INPUT FOR THIS TASK:

────────────────────

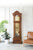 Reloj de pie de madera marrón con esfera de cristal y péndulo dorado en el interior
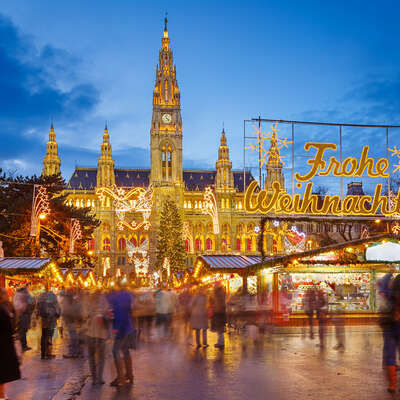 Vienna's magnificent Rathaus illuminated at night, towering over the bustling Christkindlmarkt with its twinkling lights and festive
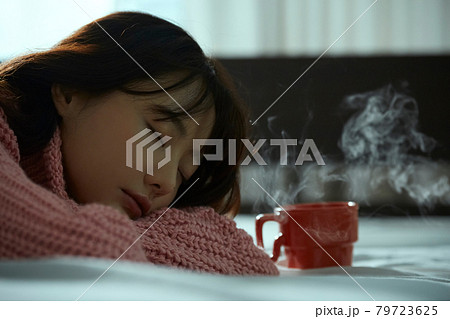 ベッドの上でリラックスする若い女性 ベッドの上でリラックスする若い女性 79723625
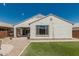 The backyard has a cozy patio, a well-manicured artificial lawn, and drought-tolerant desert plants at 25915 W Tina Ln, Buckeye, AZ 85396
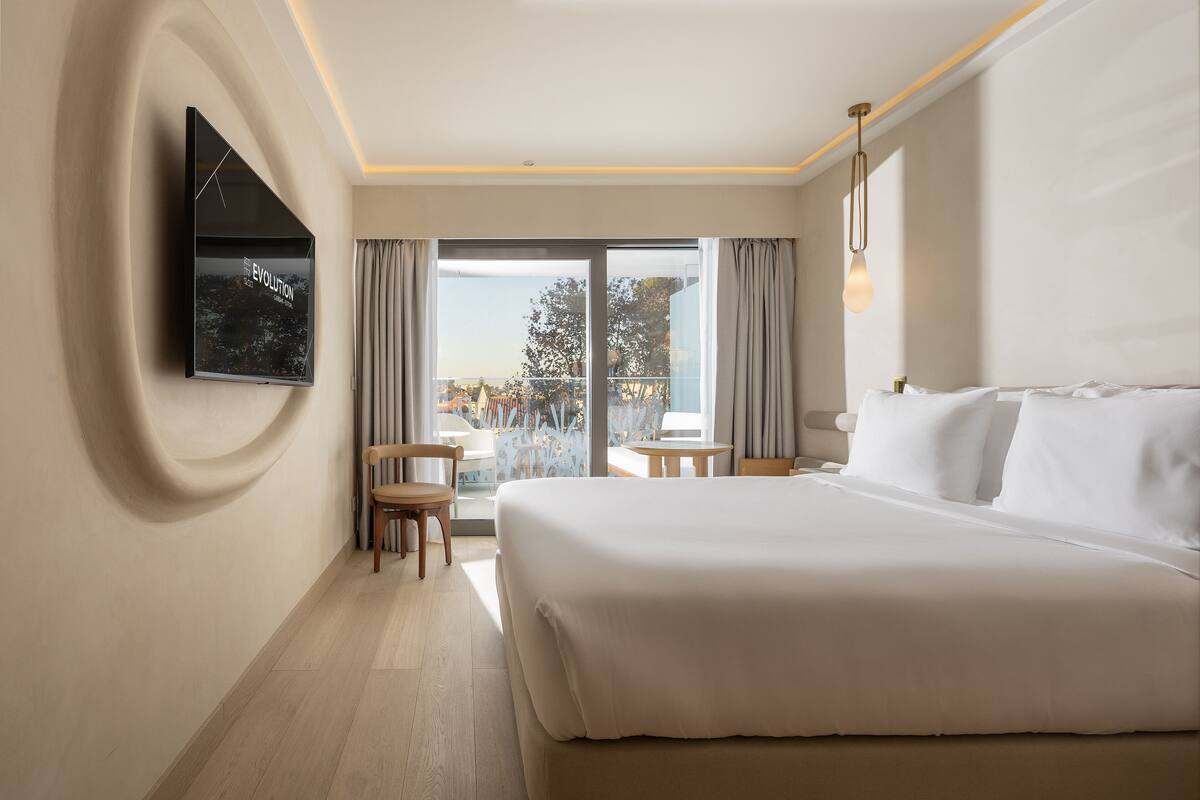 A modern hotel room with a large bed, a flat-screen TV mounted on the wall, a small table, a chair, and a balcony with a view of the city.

────────────────────

AIM OF THE TASK:
The answer must be an exact copy of the records above, with the pictures left out.

ANSWER BELOW:
 Reloj de pie de madera marrón con esfera de cristal y péndulo dorado en el interior
 Vienna's magnificent Rathaus illuminated at night, towering over the bustling Christkindlmarkt with its twinkling lights and festive
 ベッドの上でリラックスする若い女性 ベッドの上でリラックスする若い女性 79723625
 The backyard has a cozy patio, a well-manicured artificial lawn, and drought-tolerant desert plants at 25915 W Tina Ln, Buckeye, AZ 85396
 A modern hotel room with a large bed, a flat-screen TV mounted on the wall, a small table, a chair, and a balcony with a view of the city.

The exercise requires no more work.